THE TASK: The answer must be an exact copy of the records, with every picture left out.

ENTRIES SUPPLIED:

== Segment start ==

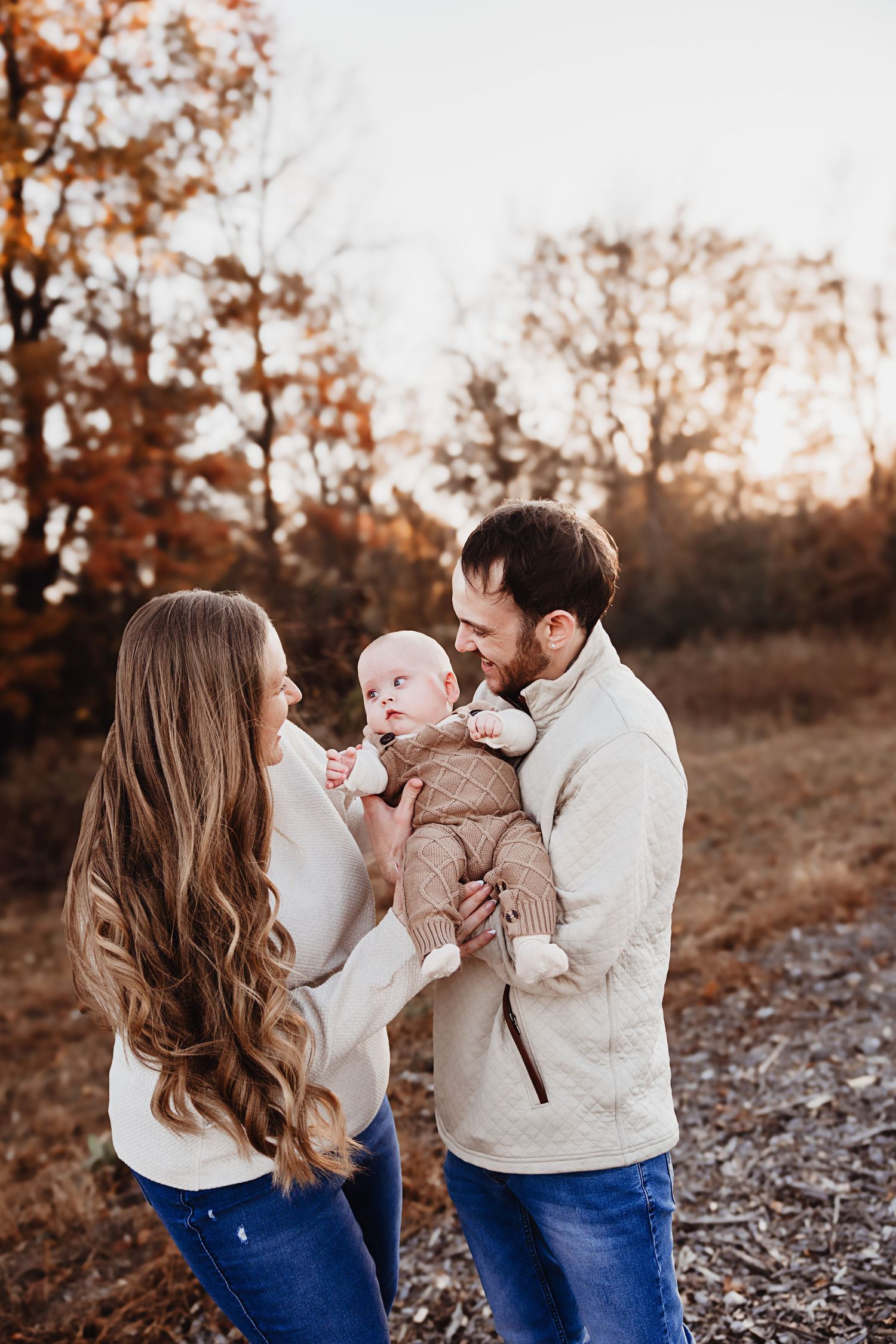 Family of three in autumn field, parents in cream sweaters holding their baby at golden hour.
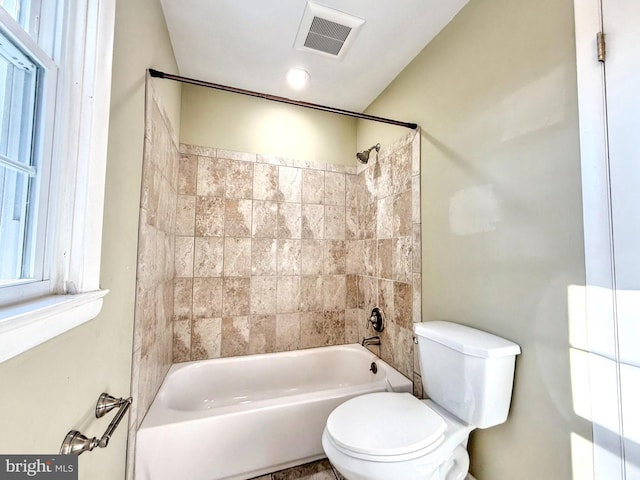 bathroom featuring tiled shower / bath combo and toilet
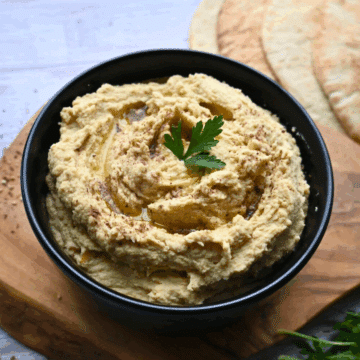 slow cooker hummus in a black bowl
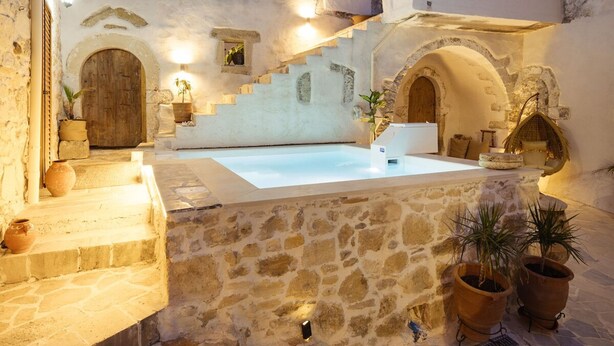 Um pátio com piscina, degraus de pedra e portas em arco.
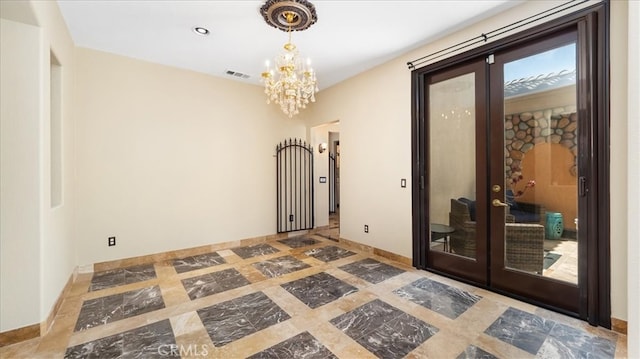 empty room with french doors and a chandelier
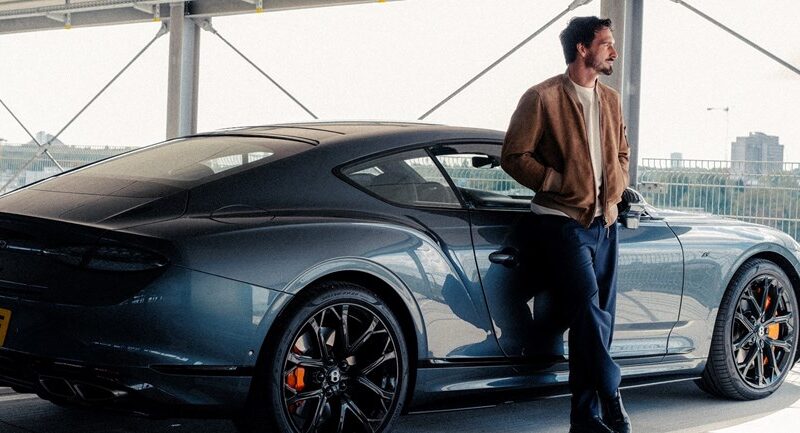 A man in a tan jacket stands beside a dark blue Bentley coupe in a multi-level parking structure overlooking a city.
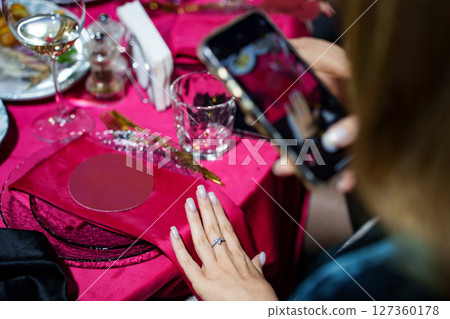 A woman's hand with a new ring. the background of a table with a red tablecloth A woman's hand with a new ring. the background of a table with a red tablecloth 127360178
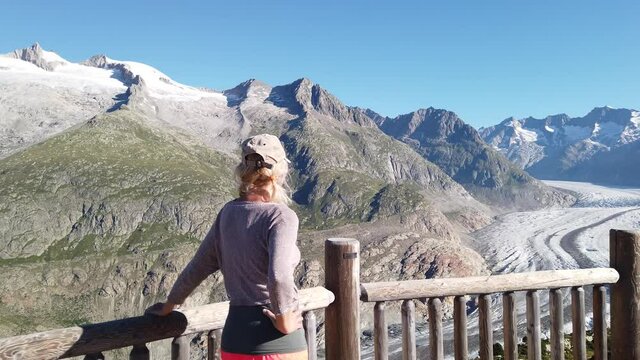 woman looking at Alpine Glacier from Moosfluh viewpoint, Valais Canton, Switzerland, Europe. Sitting tourist woman looking the Alpine glacier. Outdoor activities. Trekking in Swiss Alps in summer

== Segment end ==

YOUR RESPONSE:
 Family of three in autumn field, parents in cream sweaters holding their baby at golden hour.
 bathroom featuring tiled shower / bath combo and toilet
 slow cooker hummus in a black bowl
 Um pátio com piscina, degraus de pedra e portas em arco.
 empty room with french doors and a chandelier
 A man in a tan jacket stands beside a dark blue Bentley coupe in a multi-level parking structure overlooking a city.
 A woman's hand with a new ring. the background of a table with a red tablecloth A woman's hand with a new ring. the background of a table with a red tablecloth 127360178
 woman looking at Alpine Glacier from Moosfluh viewpoint, Valais Canton, Switzerland, Europe. Sitting tourist woman looking the Alpine glacier. Outdoor activities. Trekking in Swiss Alps in summer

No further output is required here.